Brady Wiles has made me a person that I really like, I thought of myself as a good person: honest, sincere, loyal prior to my loss, but I am even more of the person I wanted to be- all of those things plus a woman who is very strong in my faith, and I look at life and people with a very different eye. Brady Wiles you are the most corageous person I know, you showed me more about life in 74 days than I have learned in my 33 years here on earth.

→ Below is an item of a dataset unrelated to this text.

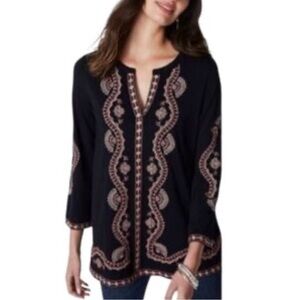 J. Jill embroidered v-neck boho tunic women’s‎ cotton top L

I love you and miss you everyday!!! Oh what I would give to hold you, smell you, kiss you, feed you , on and on, just one more time- But I know the incredle journey you are on, live it up Buddy!!! We are taking great care of your sister- she is incredible!!!! We love you!!!!

Taylor Reese is so precious, beautiful, strong, brave, you name it!!! I love that girl!!!! She too has shown me what life is really about, one day I will tell her all about what her and her brother did for me and what they taught me!!!! Today my life is surrounded by positivity, I love my job, I have surrounded myself with people who value life and respect others as much as I do!!!! I love my family and friends- That is what life is all about!!!!!

We are taking our dream trip this month and are looking forward to having Taylor along with us as we take a road trip across Colorado, Wyoming, and Montana!!!!! We can't wait, and I can't wait to journal all about it!!!